Delegitimization. Bar Tal and Teichman (2006) write comprehensively about the psychology of delegitimization that is most fundamental to groups in conflict and perhaps most associated with the experience of difficult interactions. As part of intractable conflicts, where the parties have prolonged violent conflict and are existentially threatened, delegitimization adds stereotypes and distorted communication patterns to the mix. Delegitimization is categorizing the other group as outside the sphere of humanity and subject to moral exclusion (Opotow, 1990). Interaction between the two groups, either individually or on the group level, is more than difficult; it is often impossible. Intergroup relations such as that between Hamas and Israel is an example of delegitimization such that each group refuses to recognize the other and considers the other as undeserving of human recognition. The information received about delegitimized groups is not only distorted but dominated by conflict themes. Negative traits are attributed to the other including troublesome political labels, biased group comparisons, and homogenization of the other group that does not allow for individuality or member differentiations. Bar Tal and Teichman (2006) explain how delegitimization involves stigmatizing the other group, which of course makes conversations difficult. When a group fears for its very existence it will respond in difficult and defensive ways. But in intractable conflicts the two groups often have a deep history of existential threat. Jews have a long history of discrimination and defeat from Masada to the Holocaust, and the Palestinians also described their history as one of occupation and oppression. Related to existential threat is victimhood and the feeling that one’s own group is vulnerable. Groups that feel vulnerable or weak do not give up very easily and are particularly protective of themselves. Jews have an interesting history of both victimhood but are now in a power position. South African Blacks, Irish, Palestinians, Bosnians, Tamil in Sri Lanka all feel threatened. Such groups desperately hold onto an identity that categorizes everything the other side does as representative of their victimization. This mirror image psychology makes conversations difficult. Group members feel as if they’re going to be attacked both physically and symbolically.
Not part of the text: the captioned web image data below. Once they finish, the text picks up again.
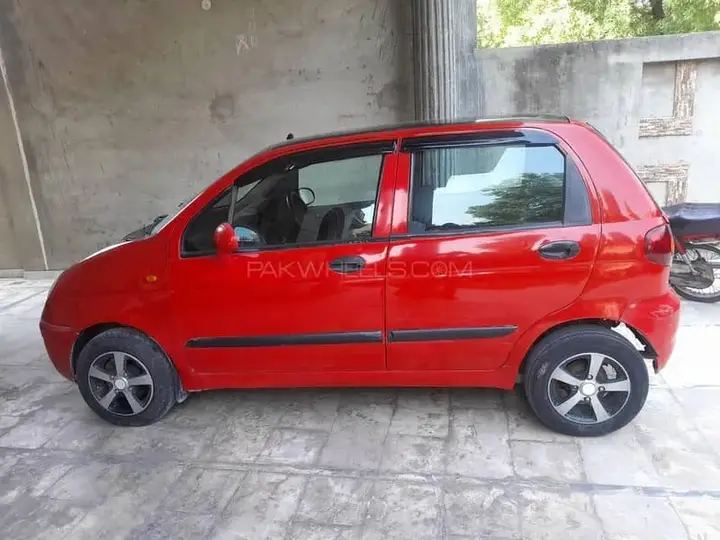 Chevrolet Joy
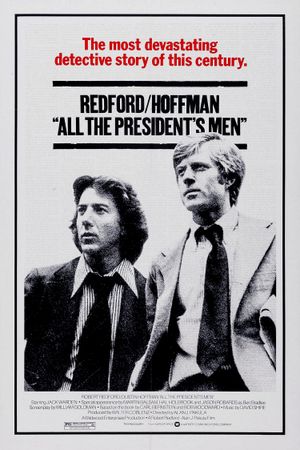 All the President's Men's poster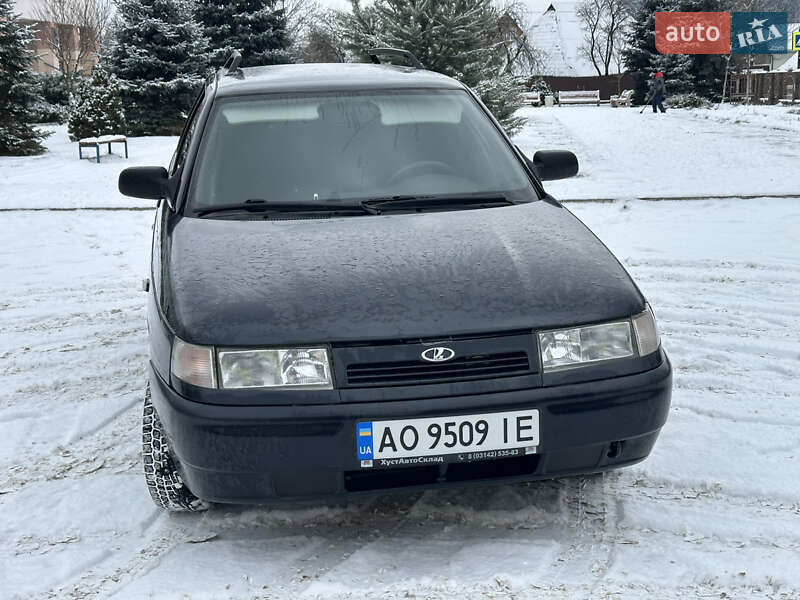 ВАЗ / Lada 2111 2008 ВАЗ / Lada 2111 2008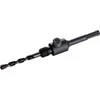 Grąžtas Wolfcraft SDS-plus tvirtinimo kaištis - 110 mm su grąžtu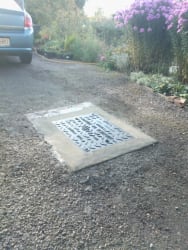 New drain covers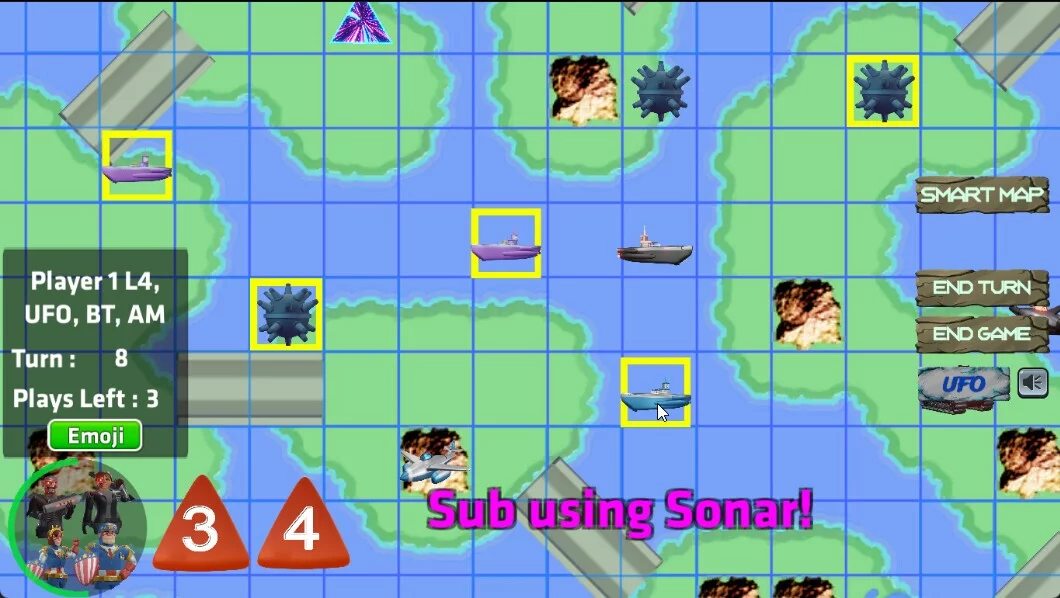 Изображение игры: WARZOOM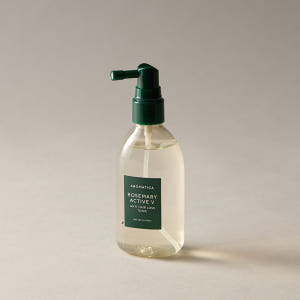 아로마티카 로즈마리 액티브브이 안티헤어로스 토닉 100ML 두피 쿨링 탈... 솔직 후기 | 피부 타입별 분석 - 상품 이미지 1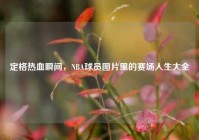 定格热血瞬间，NBA球员图片里的赛场人生大全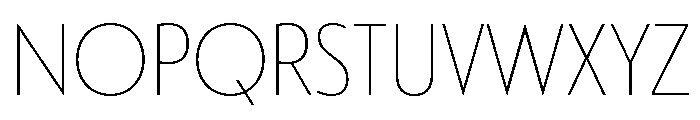 Playwrite Cc France Traditionnelle Extra Light Font UPPERCASE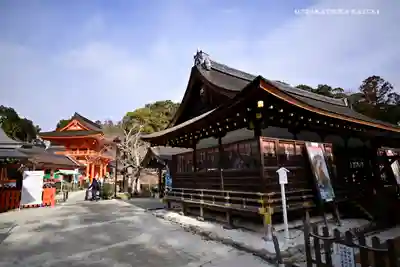 賀茂別雷神社（上賀茂神社）(京都府)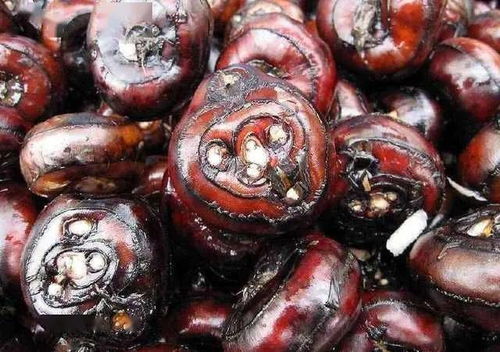 荸荠巧去皮方法大揭秘！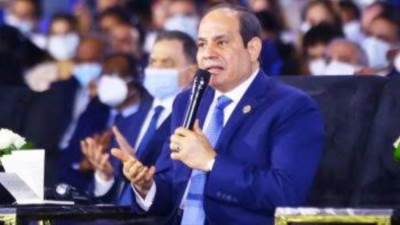 السيسي: مصر لديها القدرة على إمداد أوروبا بالطاقة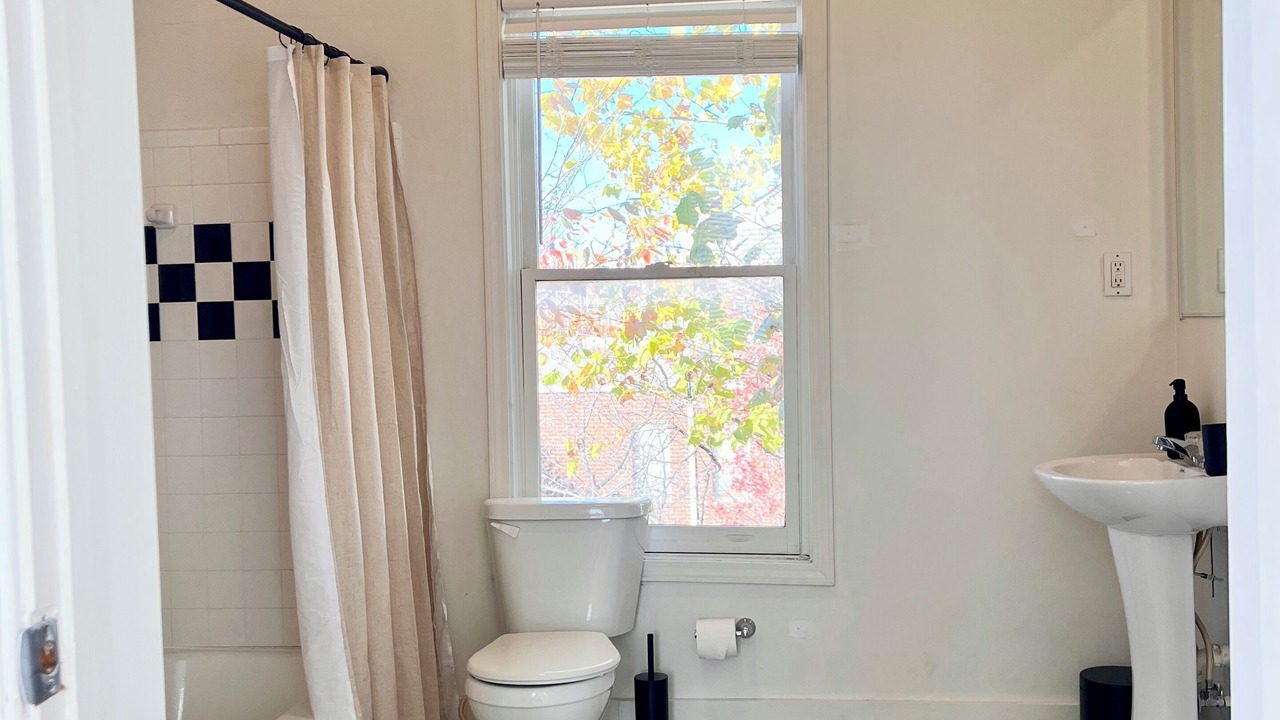 Photo of Bathroom in New Pathways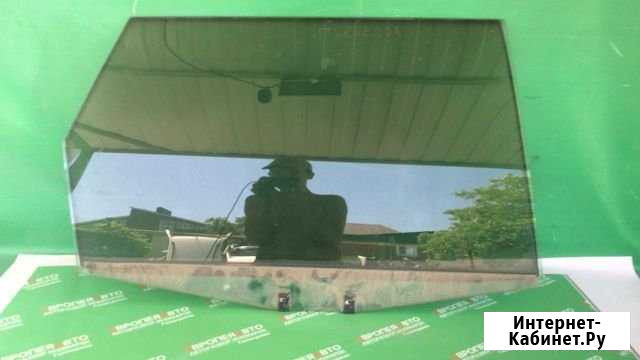 Стекло заднее правое Audi A6C5 2000-2005 Геленджик - изображение 1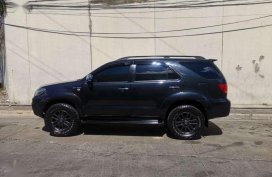Toyota Fortuner AT 2006 gas Well maintained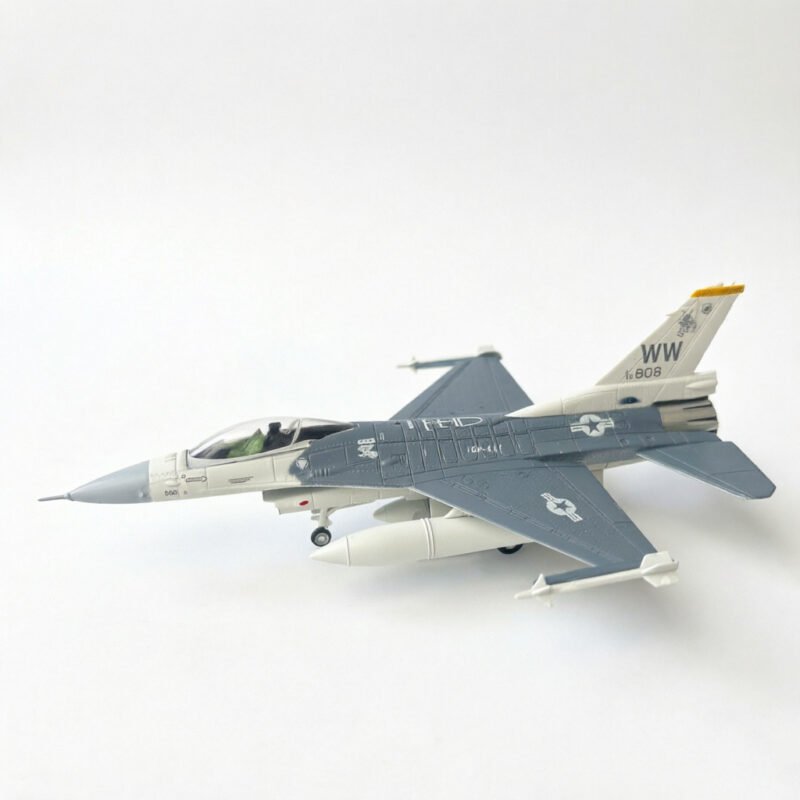 F-16C,  1:100,  NSH008 – AMER – bbhobbymodels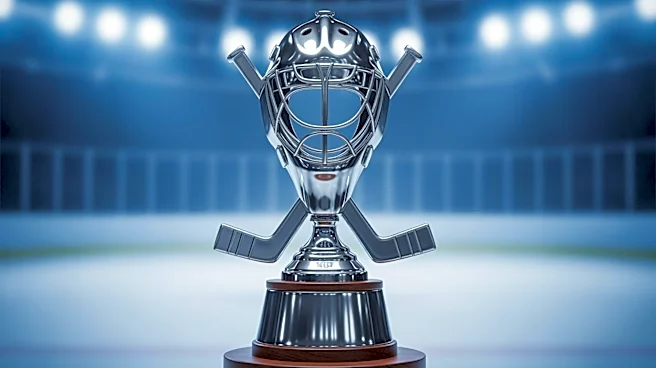 Vezina Trophy Finalists Announced: Sorokin, Swayman, Vasilevskiy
The Reptilian Sensuality of Hate

The noted cognitive scientist and Nobel Prize winner Daniel Kahneman introduced the concepts of System 1 and System 2 or fast and slow thinking. System 1 is fast, instinctive, and emotional. System 2 is slower, logical, and deliberative. System 2 came later in our evolutionary development. System 1 thinking is intuitive and uses quick judgments that we rely on for most decisions. It is also the process that leads to far greater biases in judgment. System 2, our more deliberative thought processes, can be used to dampen the negative effects of our intuitive judgments. System 1 or fast thinking is reptilian and automatic. It has evolved from deep in our evolutionary history. So we respond quickly and easily to sexual associations and danger. System 2 is thoughtful and cognitive. It requires slower thinking and patience.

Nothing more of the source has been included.